There is crisis ministry.
Crisis ministry is the Samaritan finding the beaten man, tending to his wounds,
and taking him to an inn. Crisis ministry is there in the short term, designed
to provide immediate help. Crisis ministry is feeding the hungry. Crisis
ministry is providing shelter for someone who comes to your church saying,
"I don't have any place to go." Crisis ministry does not address the
cause of the crisis, it just addresses the crisis. It is short term. It is a
bandage kind of ministry.
Then there's transitional
ministry. Give a person a fish, and you make them dependent upon you. Teach a
person how to fish, and you equip them to live independently. Transitional
ministry in this text is when the church (Samaritan)
took this man to the inn and invested something for his rehabilitation. The inn
became a place empowering him to get back on his feet. Transitional ministry
empowers individuals to re-enter life.
Transitional ministry might
be a career counseling and training ministry for a person who has become unemployed.

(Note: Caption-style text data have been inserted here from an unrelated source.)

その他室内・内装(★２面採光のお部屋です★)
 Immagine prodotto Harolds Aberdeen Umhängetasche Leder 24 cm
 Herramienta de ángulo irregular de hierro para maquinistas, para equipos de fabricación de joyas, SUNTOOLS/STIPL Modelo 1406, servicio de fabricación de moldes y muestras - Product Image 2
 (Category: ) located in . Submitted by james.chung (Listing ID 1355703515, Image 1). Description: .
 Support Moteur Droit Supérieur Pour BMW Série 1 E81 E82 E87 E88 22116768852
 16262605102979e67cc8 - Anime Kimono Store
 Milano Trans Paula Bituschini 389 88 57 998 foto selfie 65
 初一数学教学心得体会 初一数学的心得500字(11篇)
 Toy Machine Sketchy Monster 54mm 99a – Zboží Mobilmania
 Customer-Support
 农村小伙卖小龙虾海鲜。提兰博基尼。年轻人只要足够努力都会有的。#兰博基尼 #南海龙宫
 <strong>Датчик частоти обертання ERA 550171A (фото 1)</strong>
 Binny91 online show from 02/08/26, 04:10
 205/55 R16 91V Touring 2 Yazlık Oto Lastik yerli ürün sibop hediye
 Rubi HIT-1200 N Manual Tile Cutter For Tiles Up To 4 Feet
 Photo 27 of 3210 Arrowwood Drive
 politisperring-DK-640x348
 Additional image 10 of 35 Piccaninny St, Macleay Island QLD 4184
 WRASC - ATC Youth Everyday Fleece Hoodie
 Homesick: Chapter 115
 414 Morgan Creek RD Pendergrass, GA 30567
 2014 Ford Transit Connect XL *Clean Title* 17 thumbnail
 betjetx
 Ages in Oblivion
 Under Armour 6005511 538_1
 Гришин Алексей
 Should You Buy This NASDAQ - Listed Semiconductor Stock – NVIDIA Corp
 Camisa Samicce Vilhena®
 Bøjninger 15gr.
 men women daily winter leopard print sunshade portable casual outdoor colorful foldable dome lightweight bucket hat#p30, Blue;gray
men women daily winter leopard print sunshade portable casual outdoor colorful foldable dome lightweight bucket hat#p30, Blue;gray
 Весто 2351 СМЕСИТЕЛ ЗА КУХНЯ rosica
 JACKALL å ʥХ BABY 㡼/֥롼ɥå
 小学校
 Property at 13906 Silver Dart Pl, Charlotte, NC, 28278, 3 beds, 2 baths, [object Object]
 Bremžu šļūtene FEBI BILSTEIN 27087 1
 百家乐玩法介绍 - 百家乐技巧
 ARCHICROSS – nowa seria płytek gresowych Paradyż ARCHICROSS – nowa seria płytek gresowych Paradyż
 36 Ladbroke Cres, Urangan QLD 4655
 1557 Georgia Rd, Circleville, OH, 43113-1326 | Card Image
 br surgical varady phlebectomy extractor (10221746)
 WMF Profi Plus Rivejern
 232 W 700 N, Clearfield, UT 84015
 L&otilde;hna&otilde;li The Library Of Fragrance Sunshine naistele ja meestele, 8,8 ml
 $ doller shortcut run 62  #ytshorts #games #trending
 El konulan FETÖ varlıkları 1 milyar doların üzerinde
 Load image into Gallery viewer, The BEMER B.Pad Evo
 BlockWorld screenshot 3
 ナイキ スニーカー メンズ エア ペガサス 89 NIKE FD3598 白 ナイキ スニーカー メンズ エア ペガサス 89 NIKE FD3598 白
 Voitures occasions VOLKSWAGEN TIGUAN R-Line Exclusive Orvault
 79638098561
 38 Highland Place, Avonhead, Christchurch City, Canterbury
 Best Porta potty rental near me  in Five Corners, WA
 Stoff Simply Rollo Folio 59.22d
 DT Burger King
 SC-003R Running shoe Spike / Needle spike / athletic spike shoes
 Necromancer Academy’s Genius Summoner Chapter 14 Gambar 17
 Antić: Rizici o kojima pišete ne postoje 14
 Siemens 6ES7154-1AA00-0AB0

Transitional ministry is when you help a person who has been battered and
abused, with the resources perhaps through counseling, or housing and job
training, enabling them to leave an abusive situation and move on with their
life. That’s transitional ministry.
Been then the toughest
ministry of all is transformational ministry. Transformational ministry deals
with the systemic causes of our problem. Transformational ministry carries the
voice of the prophetic. The Civil Rights Movement was a transformational kind
of ministry. It was a ministry that crucified its prophets. Dr. King died
because God was using him to transform a society and was elevating his
prophetic voice to the stage of world events.
Transformational ministry is
a ministry in which people are committed to the long haul of making the crooked
places straight and working so that justice flows like a mighty river.
Transformational ministry in
this text would have been if the Samaritan had said, "You know there is
something wrong with this road. This road is dangerous to travel. People are
getting mugged and jacked on this road. We need to go to the Jewish Sanhedrin
-- the city council, the mayor, the police department, the block club -- and
organize a community town hall meeting to deal with the problems of this
road!"
Yes, "A charge to keep
I have, A God to glorify, A never-dying soul to save, And fit it for the sky.
To serve this present age, My calling to fulfill, O may it all my powers engage
to do my Master's will!"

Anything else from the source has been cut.